Data excerpts
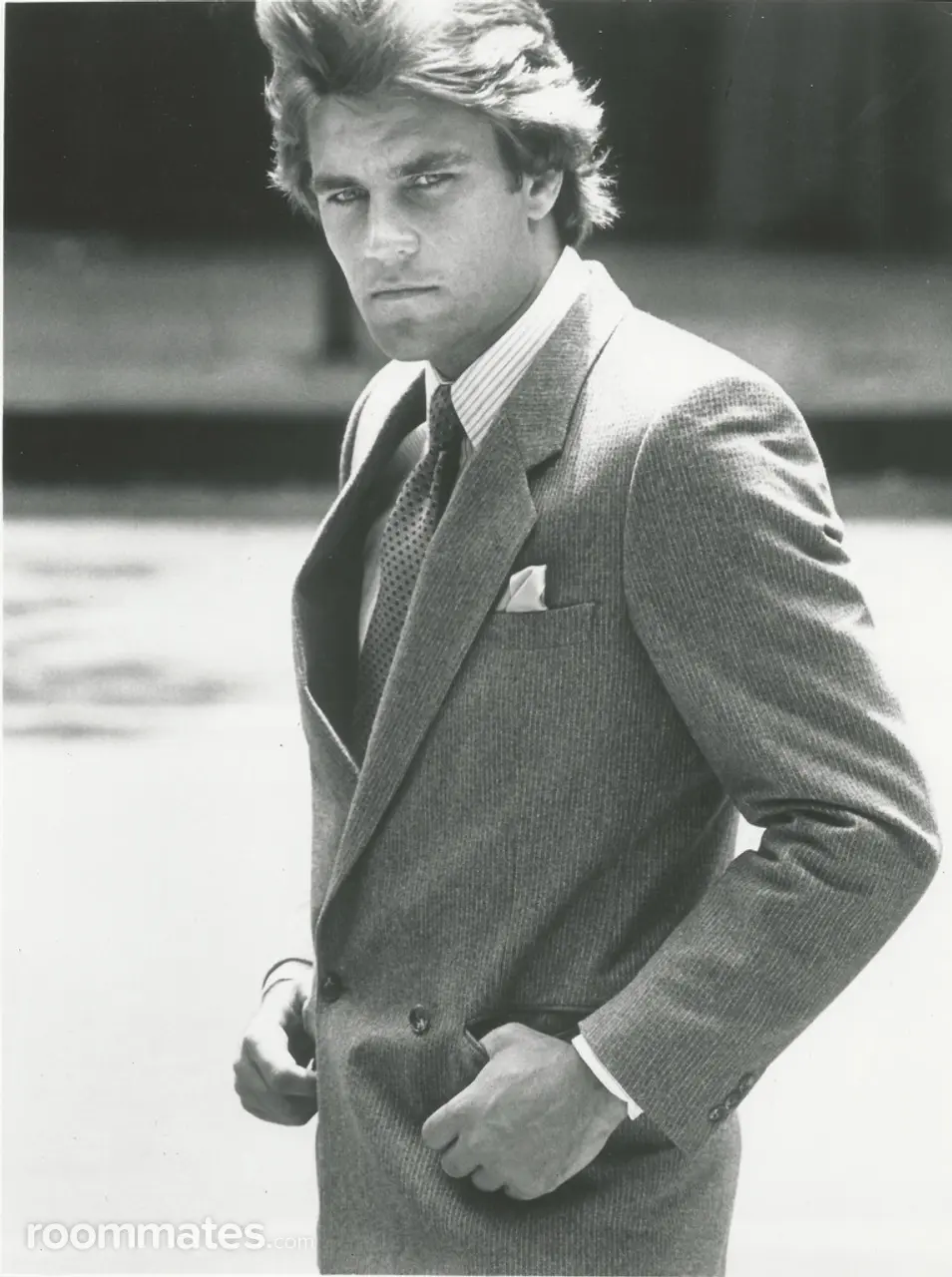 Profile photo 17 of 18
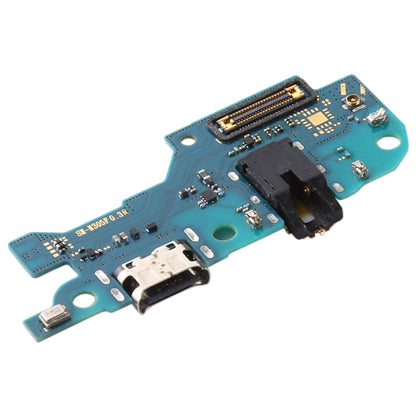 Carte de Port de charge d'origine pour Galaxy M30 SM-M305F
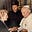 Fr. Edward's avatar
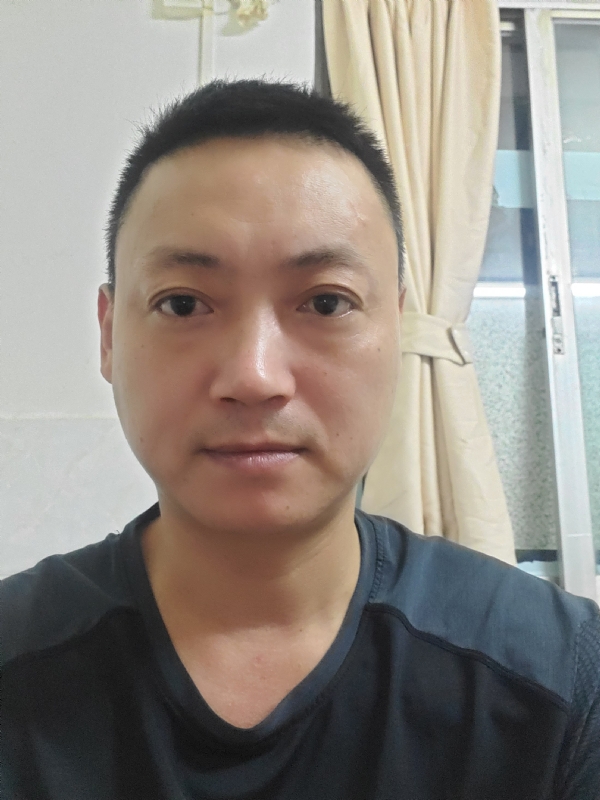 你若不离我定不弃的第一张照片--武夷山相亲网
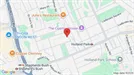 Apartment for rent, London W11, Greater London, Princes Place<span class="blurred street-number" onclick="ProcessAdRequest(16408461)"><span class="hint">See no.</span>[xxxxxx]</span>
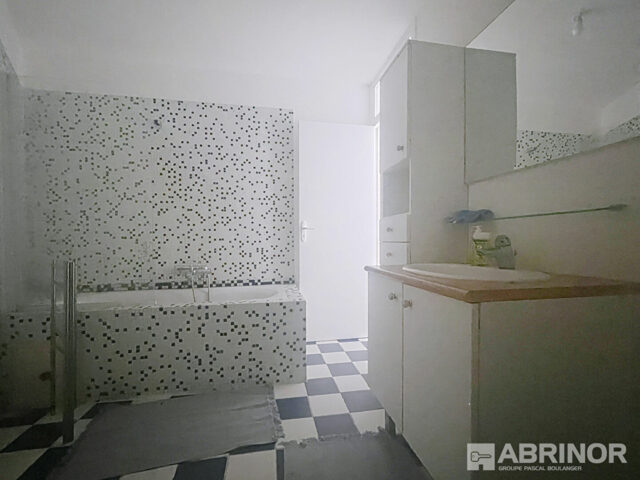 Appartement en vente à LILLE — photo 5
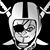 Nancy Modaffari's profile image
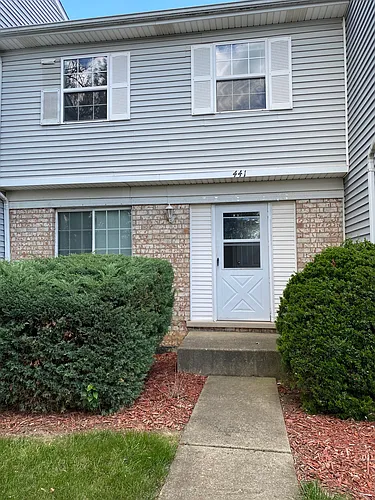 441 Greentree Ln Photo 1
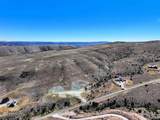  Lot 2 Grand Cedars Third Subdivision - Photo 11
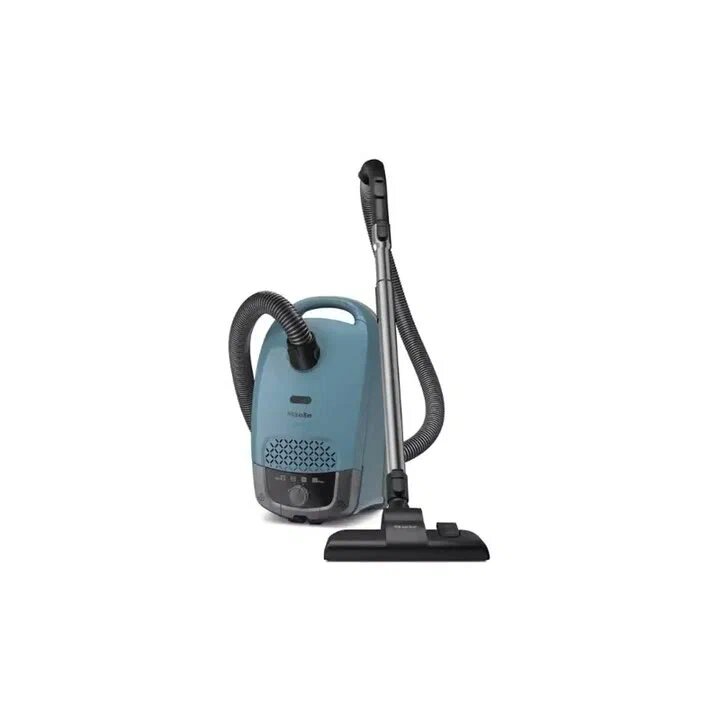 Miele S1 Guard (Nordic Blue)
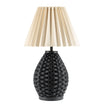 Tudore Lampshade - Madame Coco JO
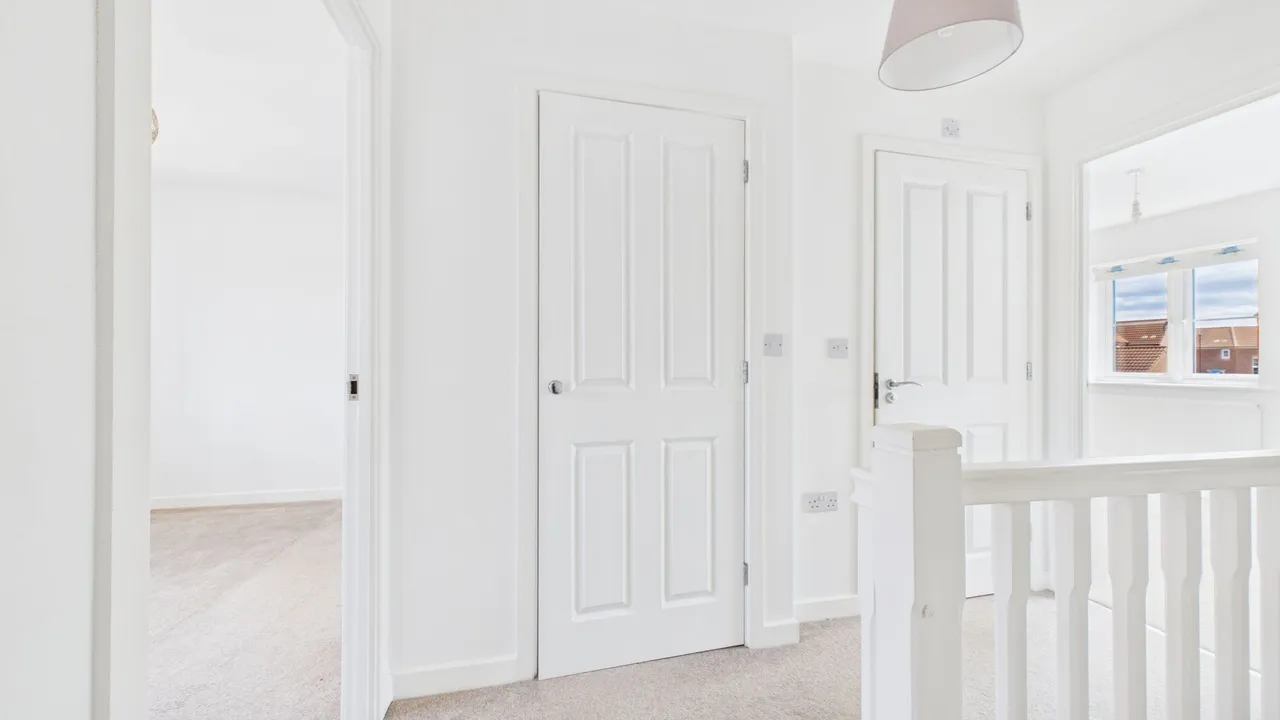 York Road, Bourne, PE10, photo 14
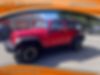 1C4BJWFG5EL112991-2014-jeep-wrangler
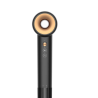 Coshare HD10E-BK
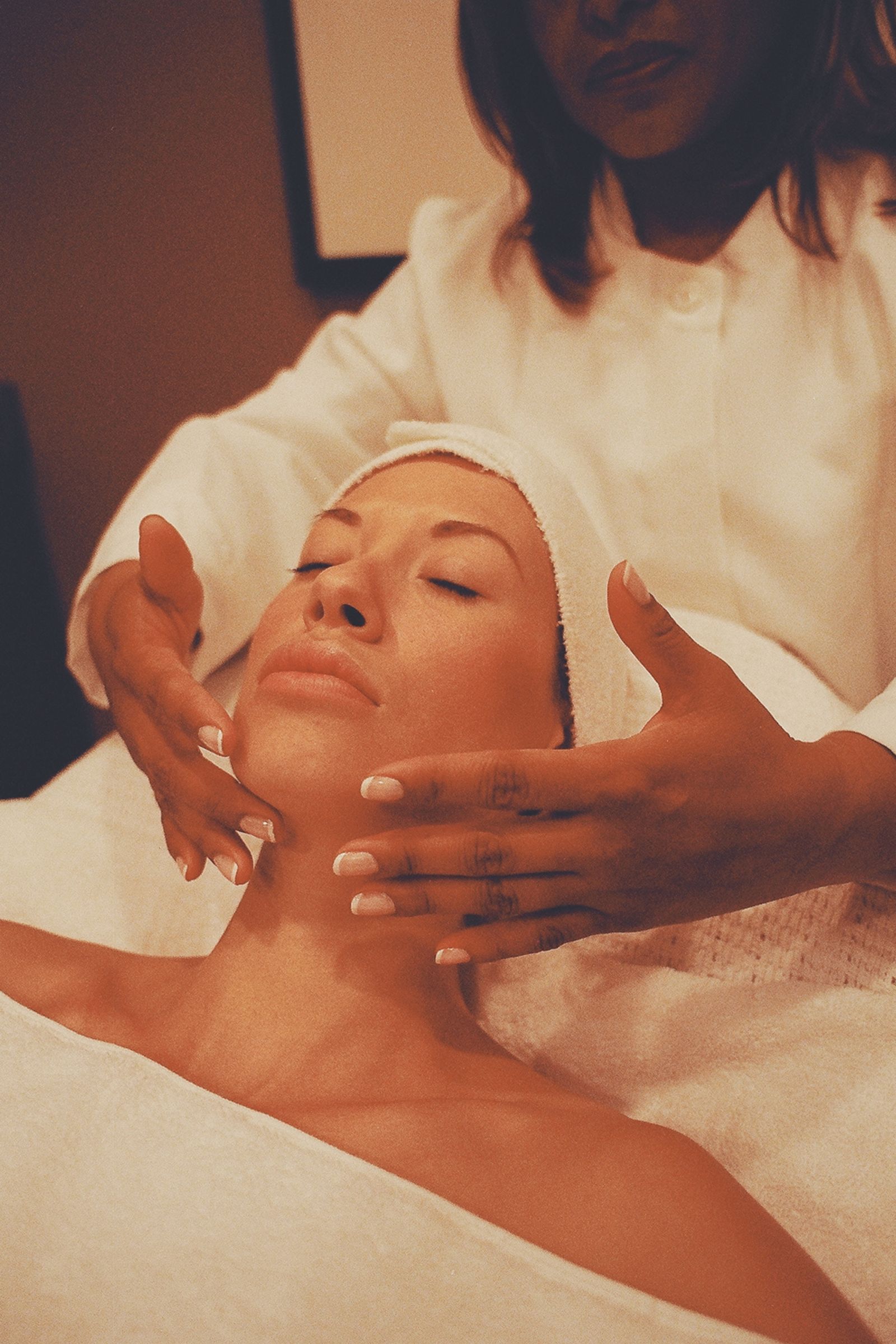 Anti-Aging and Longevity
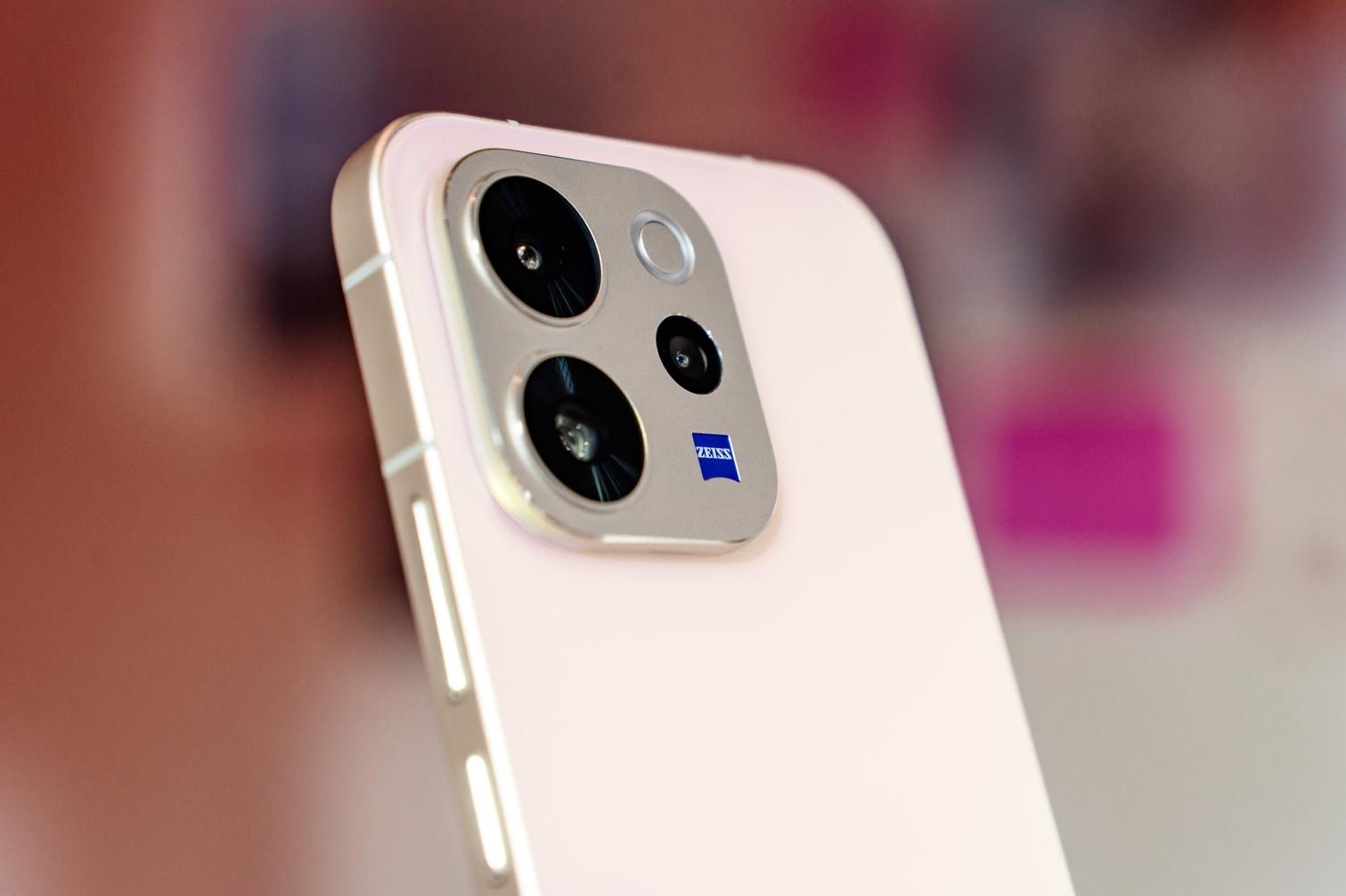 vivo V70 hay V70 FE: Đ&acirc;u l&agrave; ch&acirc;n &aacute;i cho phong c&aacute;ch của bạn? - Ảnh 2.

*What is being asked*. Start at the line containing "441 Greentree Ln Photo 1" above and stop at the line containing "Anti-Aging and Longevity". Output those lines exactly, both included, but none of the pictures.

*Response to this task*.
 441 Greentree Ln Photo 1
  Lot 2 Grand Cedars Third Subdivision - Photo 11
 Miele S1 Guard (Nordic Blue)
 Tudore Lampshade - Madame Coco JO
 York Road, Bourne, PE10, photo 14
 1C4BJWFG5EL112991-2014-jeep-wrangler
 Coshare HD10E-BK
 Anti-Aging and Longevity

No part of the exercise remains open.